▶ _THE DATA_
====

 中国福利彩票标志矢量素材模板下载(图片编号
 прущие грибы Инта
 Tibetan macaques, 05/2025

====

▶ _PROBLEM TO SOLVE_
Retype the whole listing above, line for line and exactly.

▶ _OUTPUT OF THE EXERCISE_
 中国福利彩票标志矢量素材模板下载(图片编号
 прущие грибы Инта
 Tibetan macaques, 05/2025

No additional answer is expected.